Streik wird eine Lösung zwischen GDL und Bahn „nicht wahrscheinlicher machen“

Es sind Aussagen wie diese, über die Verhandlungsexperte Adrian Brandis sagt: Das führt nicht zum Ziel. „Ich beobachte hier einen unprofessionellen Machtkampf zwischen Seiler und Weselsky. Leidtragende sind die Bahnfahrer.“ Der Streik werde eine Lösung nicht wahrscheinlicher machen. Aber: „Weselsky hat keine andere Wahl, weil er zu Beginn sehr hohe Forderungen aufgestellt hat“, sagt Brandis. „Er muss jetzt hart bleiben, sonst wird er unglaubwürdig und der Gesichtsverlust droht.“

Adrian Brandis beschäftigt sich täglich mit der Frage: Wie kann man in einer Verhandlung das Optimum rausholen?
Adrian Brandis beschäftigt sich täglich mit der Frage: Wie kann man in einer Verhandlung das Optimum rausholen? © BRANDIS NEGOTIATIONS / F. Matthies

Der Knackpunkt ist die Arbeitszeit. Die GDL will für Schichtarbeiter eine Arbeitszeitverkürzung von 38 auf 35 Stunden pro Woche erreichen. Seiler hält die Forderung für nicht umsetzbar und sieht keinerlei Verhandlungsspielraum. Seine Begründung: Die Umsetzung sei zu teuer, und obendrein bedeute die Arbeitszeitverkürzung, dass man mehr Beschäftigte einstellen müsse, was angesichts des Fachkräftemangels schwer sei. Ein Argument, das Weselsky ebenfalls verwendet – allerdings in die andere Richtung: Ohne die 35-Stunden-Woche sei man als Arbeitgeber nicht mehr attraktiv.

„Kommunikatives Foulspiel“: Verhandlungsbereiter Weselsky, sture Bahn

Dennoch sagt Verhandlungsexperte Brandis, dass Weselsky kooperationsbereit sei. „Er hat mehrfach durchblicken lassen, dass er sich durchaus Kompromisse vorstellen könnte – auch bei der Arbeitszeit. Doch das wurde von Seiten der Bahn nicht gesehen oder bewusst ignoriert.“ Dazu würden kommunikative Spitzen gesetzt, „die eher auf die Durchsetzung eigener Befindlichkeiten schließen lassen“, sagt Brandis. „Herr Seiler sagte bei der letzten Gesprächsrunde, dass man ohne Herrn Weselsky gut und ‚in sachlicher Atmosphäre‘ verhandelt habe.
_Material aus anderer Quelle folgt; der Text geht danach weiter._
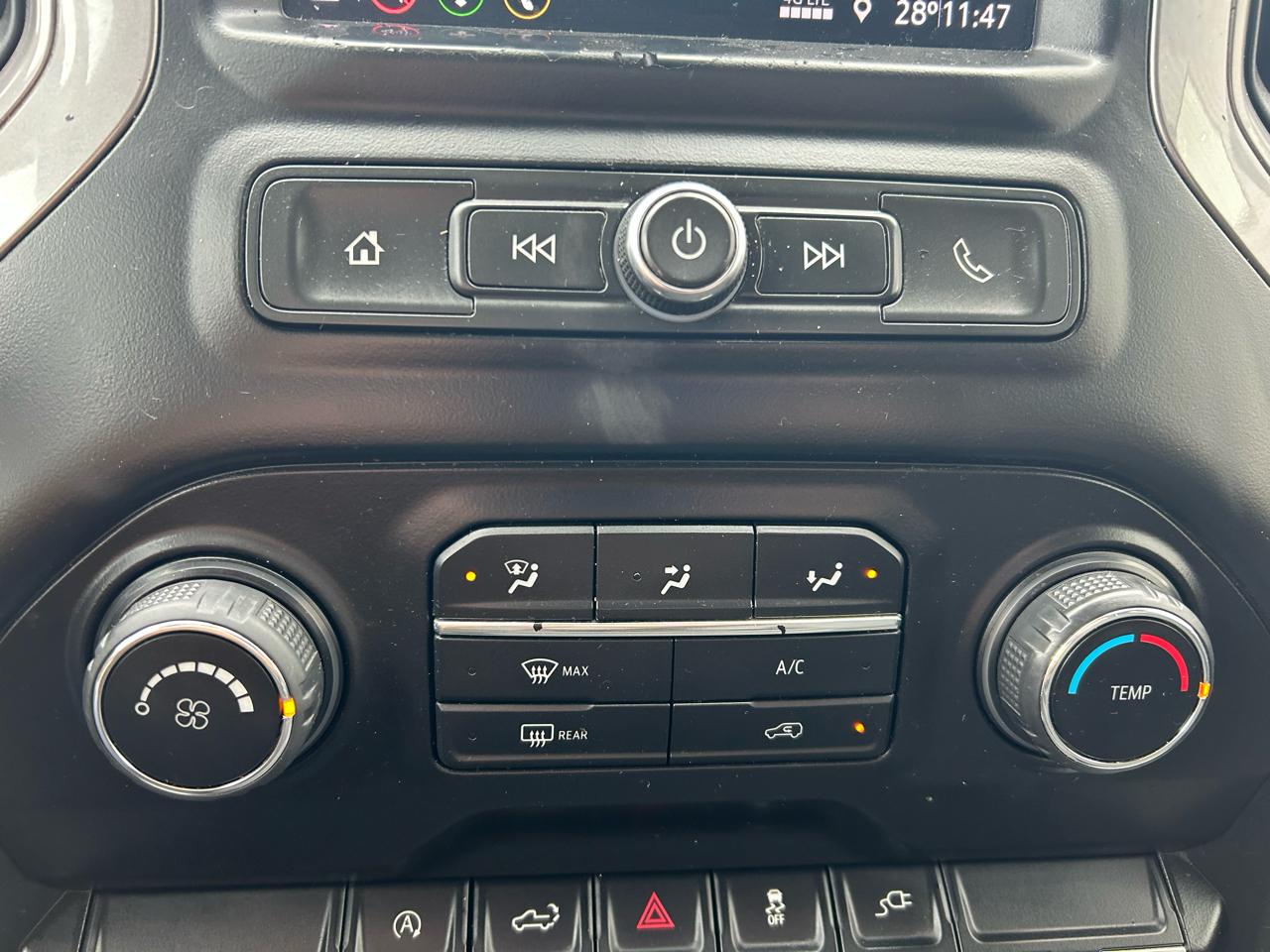 Chevrolet Silverado 1500 Custom Crew Cab Long Box 4WD 2020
Das ist ein kommunikatives Foulspiel und macht eine Lösung nur schwerer.“

Und trotzdem sollte man derlei Statements nicht überbewerten, sagt Brandis. „Es kann durchaus sein, dass Seiler und Weselsky intern schon viel weiter sind und auch vernünftig verhandeln können, aber nach außen so tun, als würden alle Zeichen auf Konfrontation stehen. Sie wollen natürlich beide ausstrahlen, dass sie sehr hart für die jeweiligen Interessen aller Beteiligten verhandelt haben.“

Nach dem Warnstreik will die GDL bis zum 7. Januar nicht mehr streiken. „Wir werden jetzt diese Streikaktion am Donnerstag und Freitag durchführen, und es ist für dieses Jahr die letzte“, sagte Weselsky dem MDR. Ob für die Zeit danach weitere Streiks endgültig vom Tisch sind, ist nicht klar. Weselsky hatte die Tarifverhandlungen am 24. November für gescheitert erklärt.